Troubleshoot evaluation
Preview
This feature is in Public Preview.
This article describes issues you might encounter when evaluating generative AI applications using Mosaic AI Agent Evaluation, and how to fix them.
Model errors
mlflow.evaluate(..., model=<model>, model_type="databricks-agent")
invokes the provided model on each row of the evaluation set. Model invocation might fail, for example, if the generative model is temporarily unavailable. If this occurs, the output includes the following lines, where n
is the total number of rows evaluated and k
is the number of rows with an error:
**Evaluation completed**
- k/n contain model errors
This error appears in the MLFlow UI when you view the details of a particular row of the evaluation set.
You can also view the error in the evaluation results DataFrame. In this case, you see rows in the evaluation results containing model_error_message
. To view these errors, using the following code snippet:
result = mlflow.evaluate(..., model=<your model>, model_type="databricks-agent")
eval_results_df = result.tables['eval_results']
display(eval_results_df[eval_results_df['model_error_message'].notna()][['request', 'model_error_message']])
If the error is recoverable, you can re-run evaluation on just the failed rows:
result = mlflow.evaluate(..., model_type="databricks-agent")
eval_results_df = result.tables['eval_results']
# Filter rows where 'model_error_message' is not null and select columns required for evaluation.
input_cols = ['request_id', 'request', 'expected_retrieved_context', 'expected_response']

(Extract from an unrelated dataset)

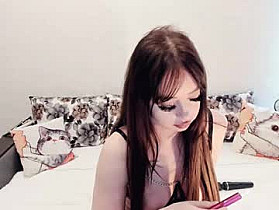 milky_shy3 Cam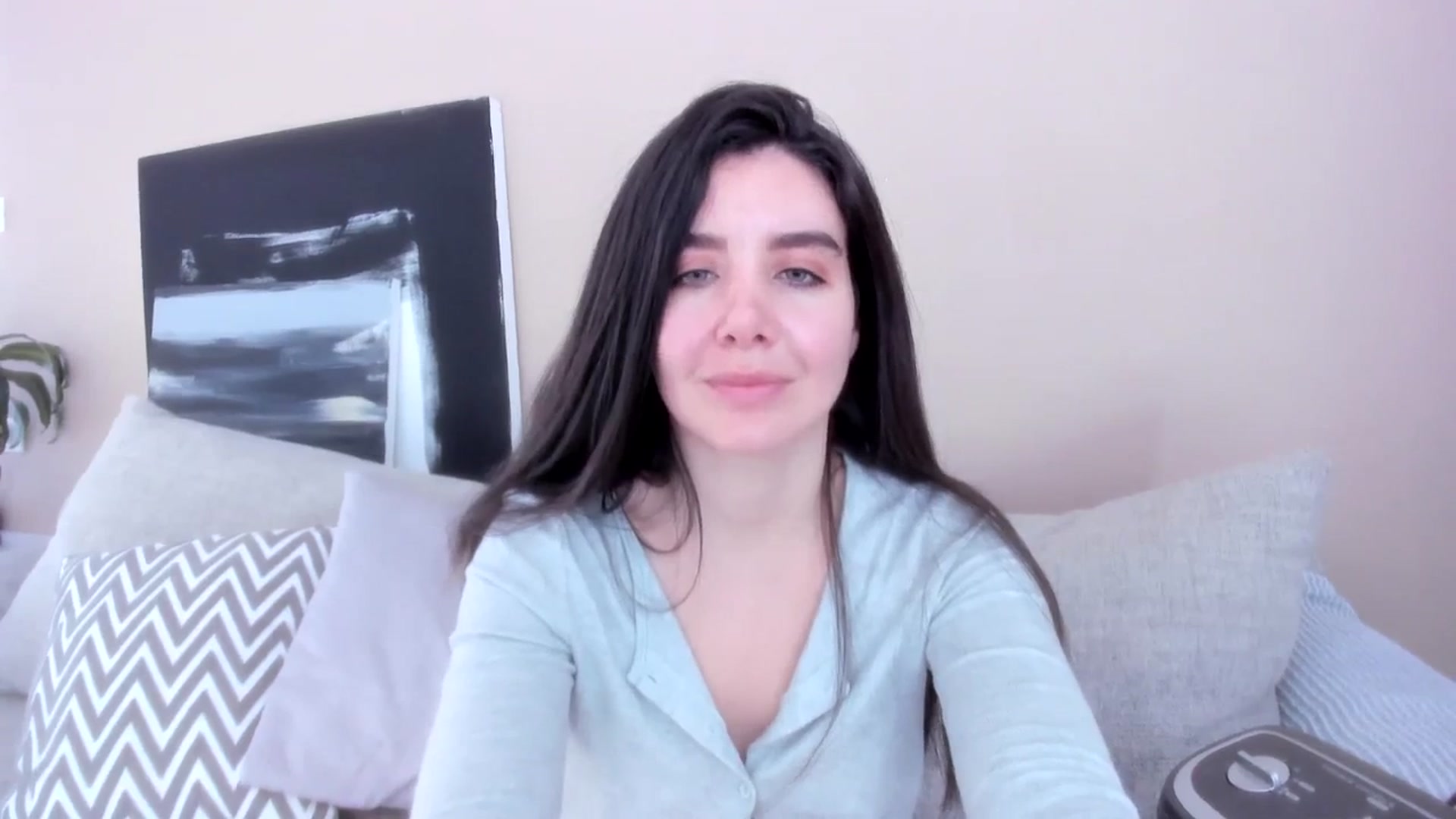 Gallery image thumbnail from LauraVega's myfreecams stream on, 01/02/2024, 16:30 image 3 of 20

retry_df = eval_results_df.loc[
eval_results_df['model_error_message'].notna(),
[col for col in input_cols if col in eval_results_df.columns]
]
retry_result = mlflow.evaluate(
data=retry_df,
model=<your model>,
model_type="databricks-agent"
)
retry_result_df = retry_result.tables['eval_results']
merged_results_df = eval_results_df.set_index('request_id').combine_first(
retry_result.tables['eval_results'].set_index('request_id')
).reset_index()
# Reorder the columns to match the original eval_results_df column order
merged_results_df = merged_results_df[eval_results_df.columns]

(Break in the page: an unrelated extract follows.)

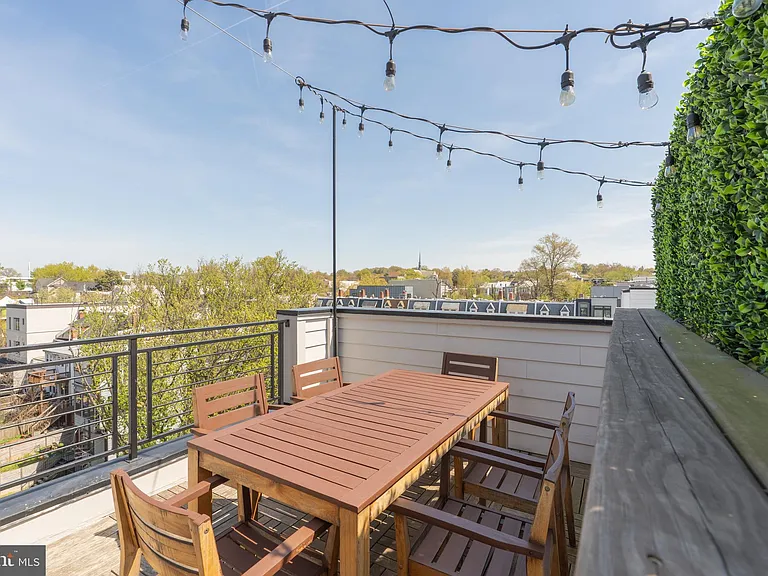 811 Upshur St NW #Penthouse 10 — Photo 15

display(merged_results_df)
The re-run of mlflow.evaluate
logs results and aggregates metrics to a new MLflow run. The merged DataFrame generated above can be viewed in the notebook.
Judge errors
mlflow.evaluate(..., model_type="databricks-agent")
evaluates model outputs using built-in judges and, optionally, your custom judges. Judges might fail to evaluate a row of input data, for example, due to TOKEN_RATE_LIMIT_EXCEEDED
or MISSING_INPUT_FIELDS
.
If a judge fails to evaluate a row, the output includes the following lines, where n
is the total number of rows evaluated and k
is the number of rows with an error:
**Evaluation completed**
- k/n contain judge errors
This error will be displayed in the MLFlow UI. Upon clicking into a particular evaluation, judge errors will be displayed under their corresponding assessment names.
In this case, you see rows in the evaluation results containing <judge_name>/error_message
, for example, response/llm_judged/faithfulness/error_message
. You can view these errors using the following code snippet:
result = mlflow.evaluate(..., model=<your model>, model_type="databricks-agent")
eval_results_df = result.tables['eval_results']
llm_judges_error_columns = [col for col in eval_results_df.columns if 'llm_judged' in col and 'error_message' in col]
columns_to_display = ['request_id', 'request'] + llm_judges_error_columns
# Display the filtered DataFrame
display(eval_results_df[eval_results_df[llm_judges_error_columns].notna().any(axis=1)][columns_to_display])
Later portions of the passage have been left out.